Task directions →
Take the lines in the listing below from the line with "heart with four" up to and including the line with "Dark Moody Floral" and set them down exactly, skipping pictures and adding nothing.

Data in this exercise →

_____

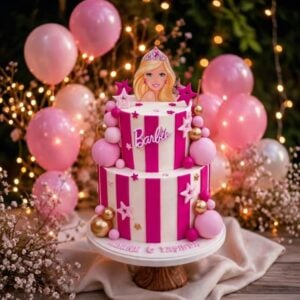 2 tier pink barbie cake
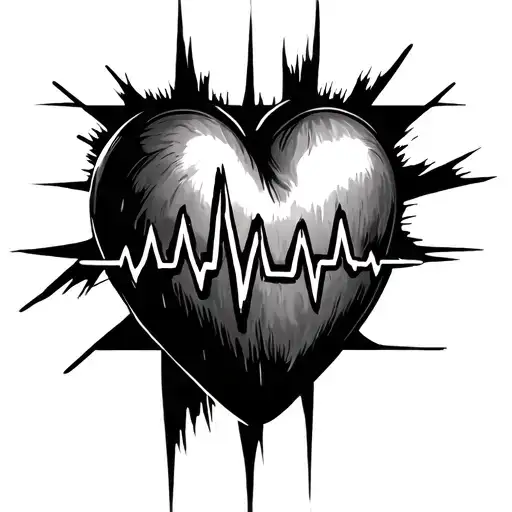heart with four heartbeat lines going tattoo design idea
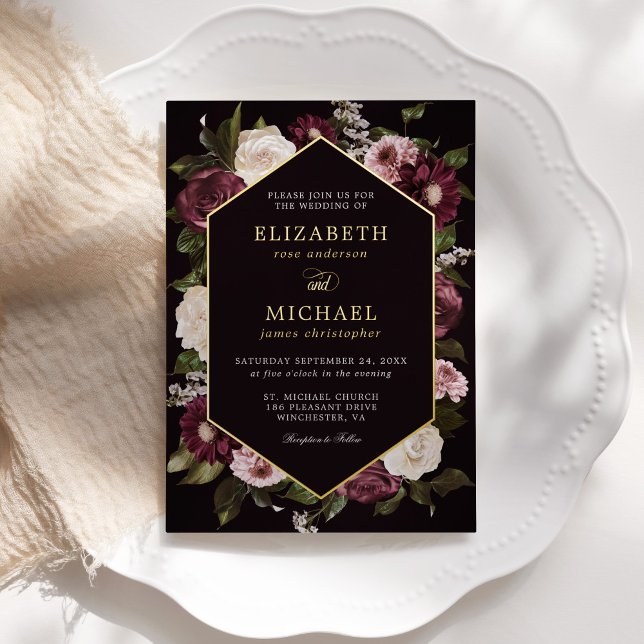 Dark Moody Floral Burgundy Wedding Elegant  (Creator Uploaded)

_____

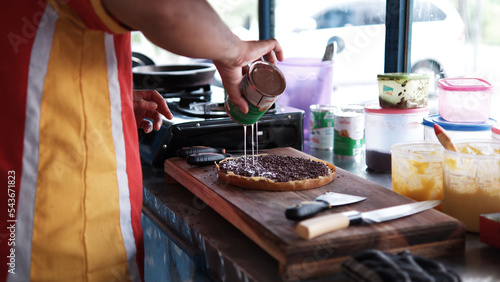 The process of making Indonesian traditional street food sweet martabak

_____

Completed task →
heart with four heartbeat lines going tattoo design idea
 Dark Moody Floral Burgundy Wedding Elegant  (Creator Uploaded)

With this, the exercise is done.